(Given records):
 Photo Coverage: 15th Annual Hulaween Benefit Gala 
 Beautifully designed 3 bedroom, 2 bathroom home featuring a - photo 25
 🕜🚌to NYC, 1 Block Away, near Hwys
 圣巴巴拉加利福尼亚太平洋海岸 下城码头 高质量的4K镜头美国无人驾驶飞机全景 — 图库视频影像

==

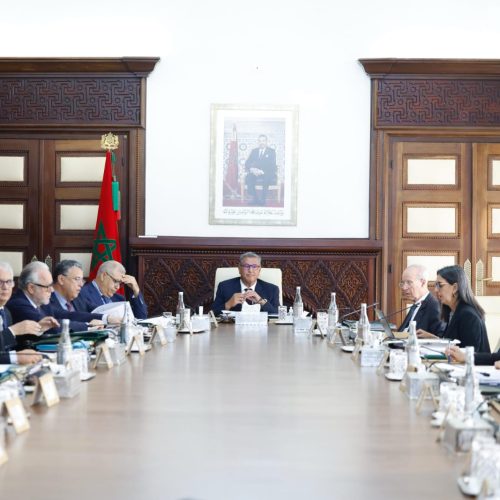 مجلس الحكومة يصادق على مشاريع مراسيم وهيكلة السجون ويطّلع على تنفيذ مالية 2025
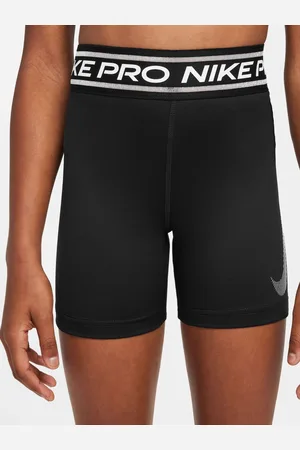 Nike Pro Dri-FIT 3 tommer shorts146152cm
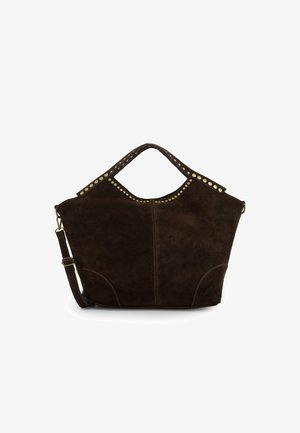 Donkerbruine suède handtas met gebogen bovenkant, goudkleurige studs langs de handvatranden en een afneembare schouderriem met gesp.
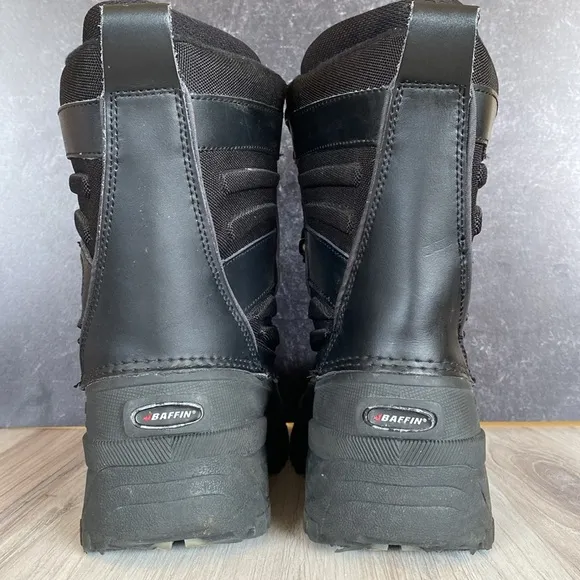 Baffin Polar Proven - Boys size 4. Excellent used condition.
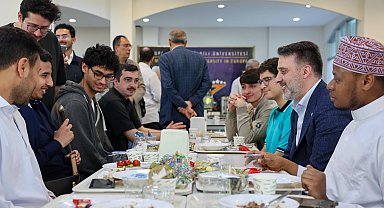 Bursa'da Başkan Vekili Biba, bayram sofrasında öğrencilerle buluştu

---

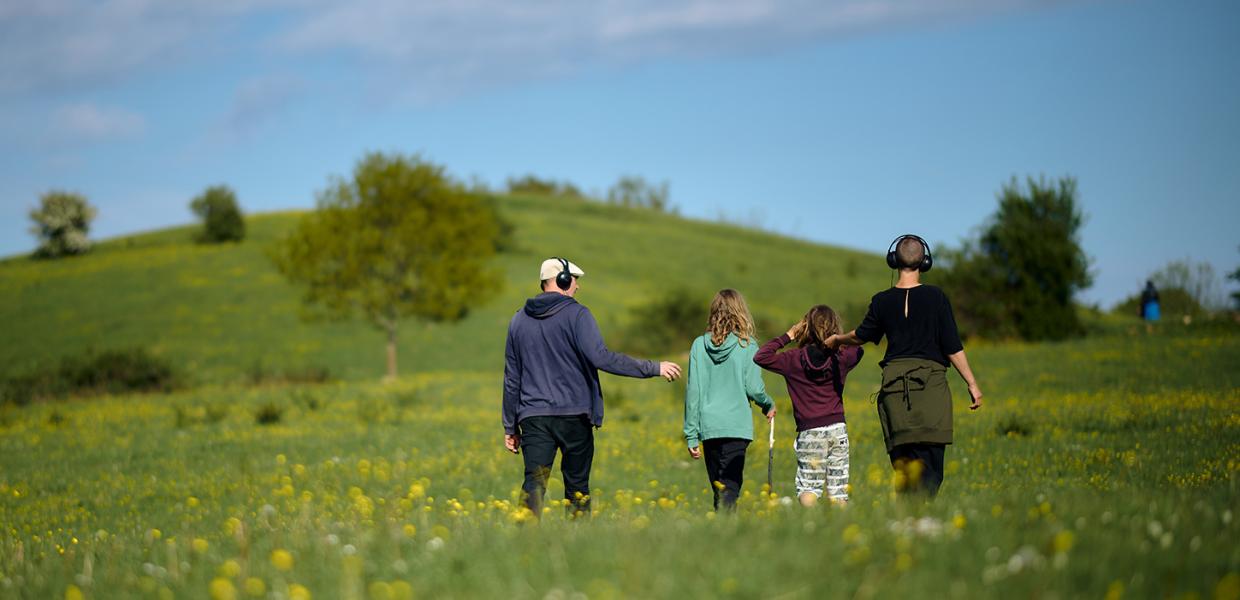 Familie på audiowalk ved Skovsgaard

(What the exercise asks): Could you return exactly the stretch of the data above that starts at the line with "Photo Coverage: 15th" and ends at the line with "圣巴巴拉加利福尼亚太平洋海岸 下城码头 高质量的4K镜头美国无人驾驶飞机全景", both lines included?

(Solution to the problem):
 Photo Coverage: 15th Annual Hulaween Benefit Gala 
 Beautifully designed 3 bedroom, 2 bathroom home featuring a - photo 25
 🕜🚌to NYC, 1 Block Away, near Hwys
 圣巴巴拉加利福尼亚太平洋海岸 下城码头 高质量的4K镜头美国无人驾驶飞机全景 — 图库视频影像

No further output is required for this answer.